Matsumoto Fumihiko, Karasawa Kumiko, Itoh Shin, Toda Megumi, Haruyama Takuo, Furukawa Masayuki, Ikeda Katsuhisa
Department of Oto-rhino-laryngology, Juntendo University school of Medicine, 2-1-1 Hongo, Bunkyo-ku, Tokyo 113-8421, Japan.
Anticancer Res. 2006 Sep-Oct;26(5B):3781-6.
This study was designed to evaluate the concomitant use of weekly docetaxel and hyperfractionated radiotherapy for the treatment of head and neck cancer (HNC).
Twenty-five patients with advanced squamous cell HNC were treated with hyperfractionated radiotherapy (72 Gy at 1.2 Gy twice per day) and weekly chemotherapy with docetaxel (10 mg/m2).
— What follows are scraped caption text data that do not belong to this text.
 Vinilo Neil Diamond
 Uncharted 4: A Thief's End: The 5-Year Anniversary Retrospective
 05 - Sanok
Toxicity was significant, with grade 2 to 4 mucositis observed in 100% and lymphopenia in 84%. Seventeen patients (68%) received the full chemotherapy regimen as planned. The initial overall response rate was 88.0%, while the complete response rate was 68.0%. At a median follow-up period of 10 months, the 2-year Kaplan-Meier projected overall survival was 47.3%, and the cause-specific survival was 81.8%.
This study demonstrated that hyperfractionated radiotherapy with weekly docetaxel achieved better initial response than conventional radiotherapy. In addition, the acute toxicity of this regimen was within the acceptable limits of severity.
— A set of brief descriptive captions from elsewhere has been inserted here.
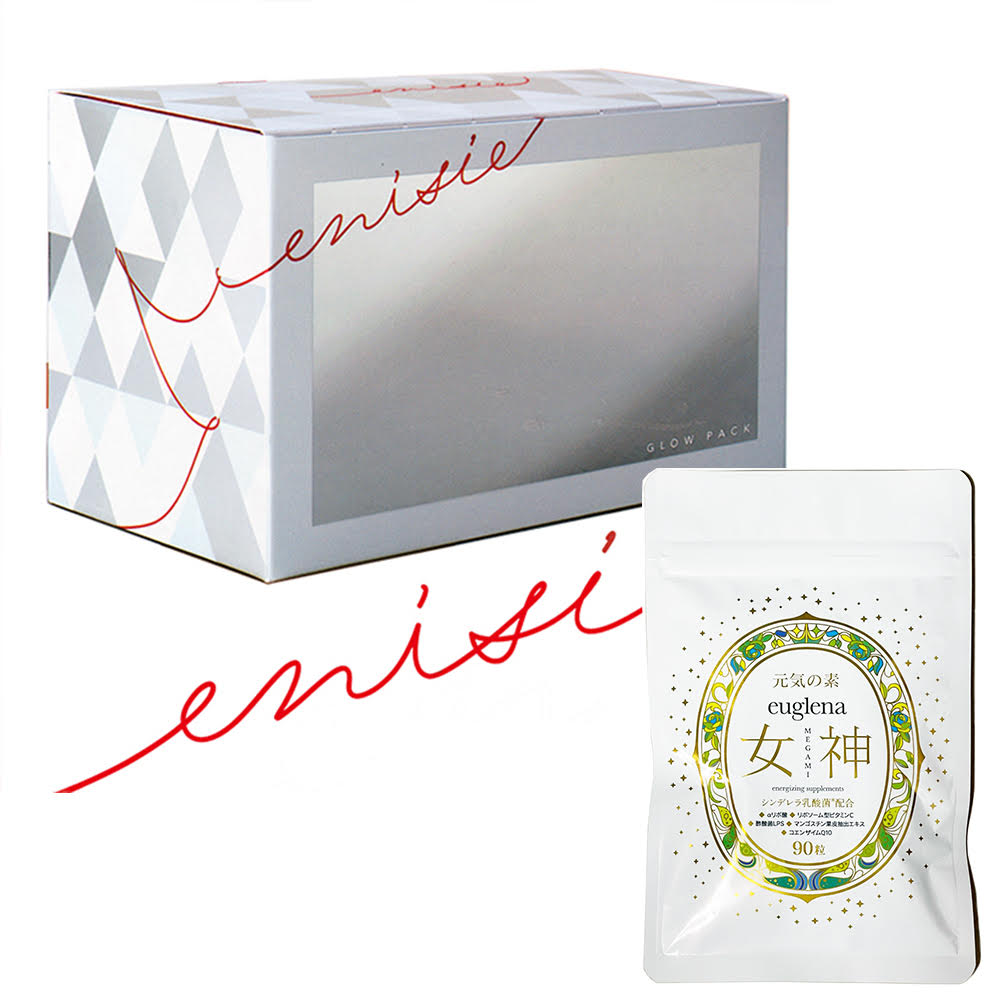 楽天市場】【送料無料(全国)】 リズム エニシー グローパック 10回分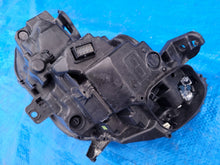 Laden Sie das Bild in den Galerie-Viewer, Frontscheinwerfer Opel Insignia B TL793389777 Rechts Scheinwerfer Headlight SCH6119195170vz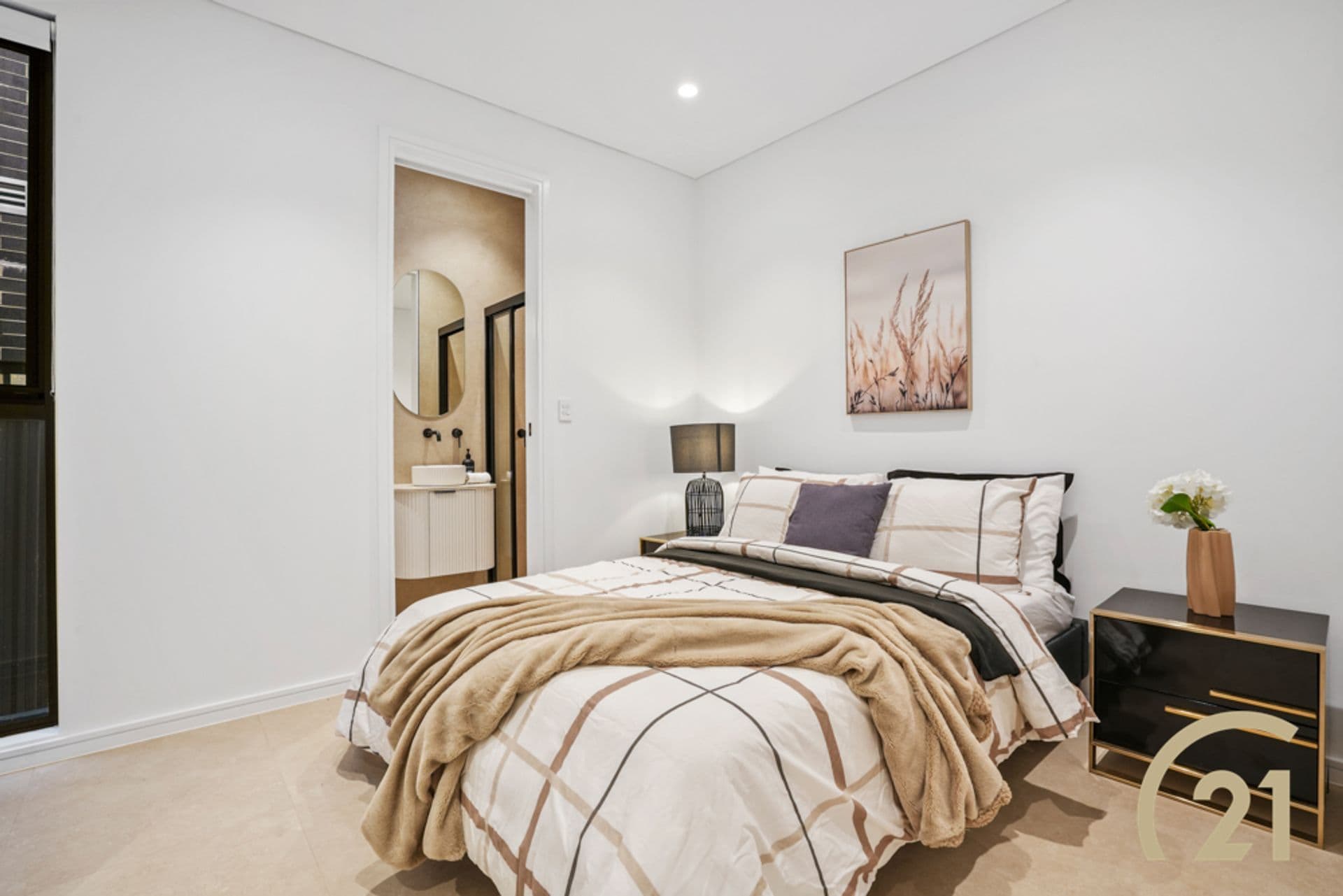 1/95-97 Ware Street, Fairfield, NSW, 2165, Fairfield West - Thumbnail 8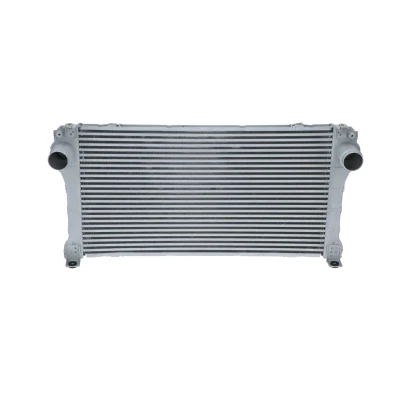 Imagem de NRF 30243 Intercooler
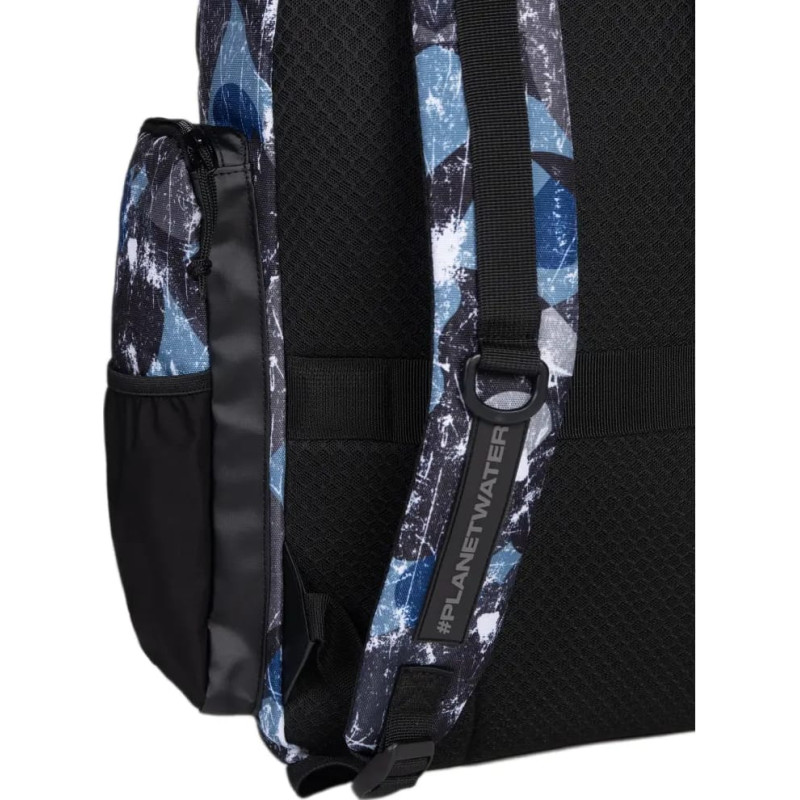 Рюкзак Arena ONE GO BACKPACK AO 35L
本研究旨在评估每周使用多西他赛与超分割放疗联合治疗头颈癌(HNC)的效果。
25例晚期鳞状细胞头颈癌患者接受了超分割放疗(每天两次,每次1.2 Gy,共72 Gy)以及每周一次的多西他赛化疗(10 mg/m²)。
毒性反应显著,100%的患者出现2至4级黏膜炎,84%的患者出现淋巴细胞减少。17例患者(68%)按计划接受了完整的化疗方案。初始总体缓解率为88.0%,完全缓解率为68.0%。在中位随访期10个月时,2年的Kaplan-Meier预测总生存率为47.3%,病因特异性生存率为81.8%。
本研究表明,每周使用多西他赛的超分割放疗比传统放疗取得了更好的初始缓解效果。此外,该方案的急性毒性在可接受的严重程度范围内。